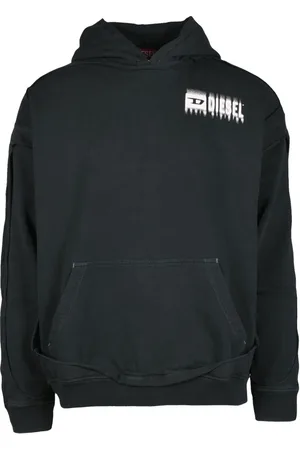Diesel Hombre, Sudaderas, Negro, Talla: L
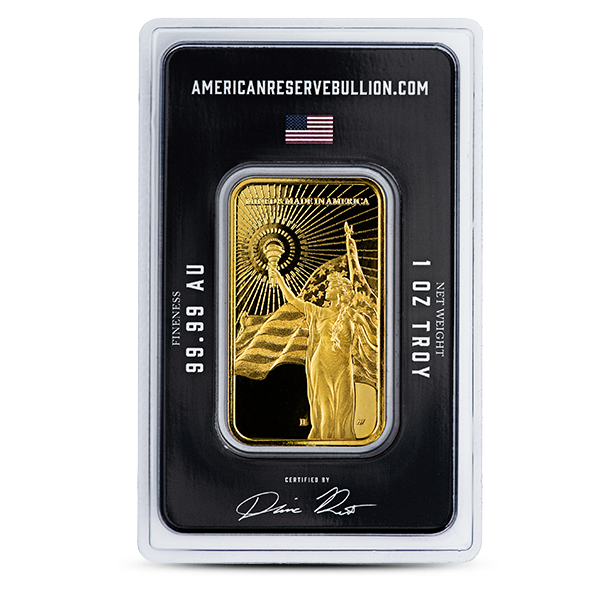 Buy the 1 oz Asahi American Reserve Columbia Goddess .9999 Gold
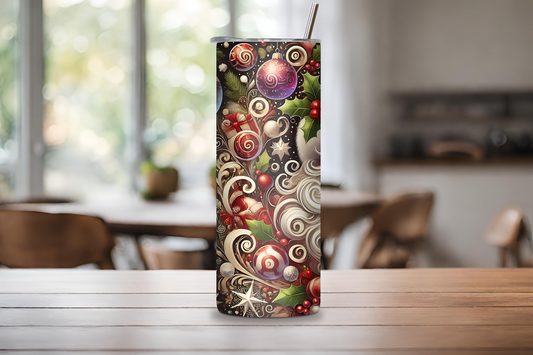 Retro Santa Claus Tumbler, Christmas Gift, Santa Ride, 20OZ Tumbler, 22OZ Tumbler, 30OZ Tumbler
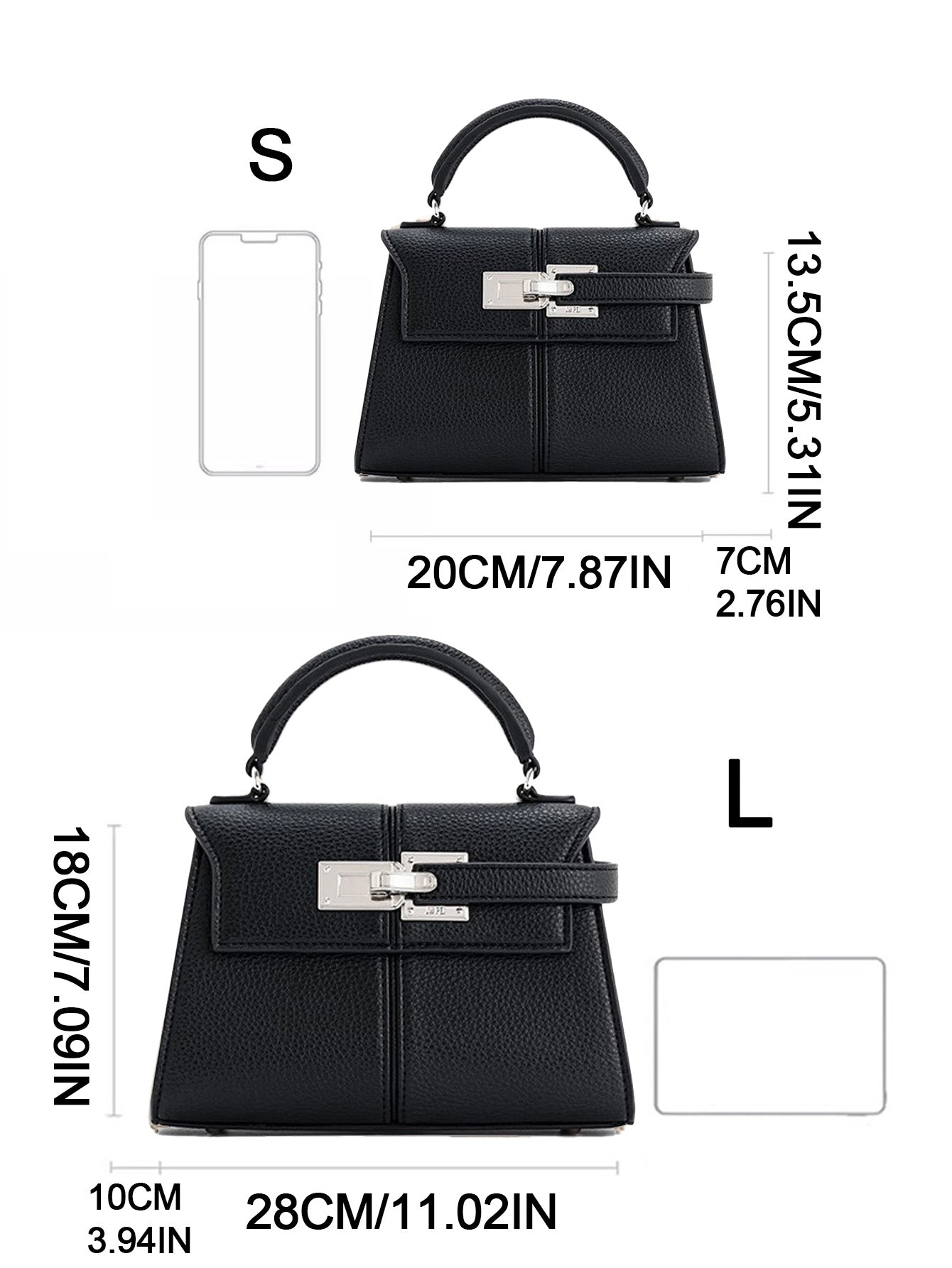 Small Leather Crossbody Bag - Women's Chic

Task item: Give the listing above again word for word, without its pictures.

Solution for this problem:
Diesel Hombre, Sudaderas, Negro, Talla: L
 Buy the 1 oz Asahi American Reserve Columbia Goddess .9999 Gold
 Retro Santa Claus Tumbler, Christmas Gift, Santa Ride, 20OZ Tumbler, 22OZ Tumbler, 30OZ Tumbler
 Small Leather Crossbody Bag - Women's Chic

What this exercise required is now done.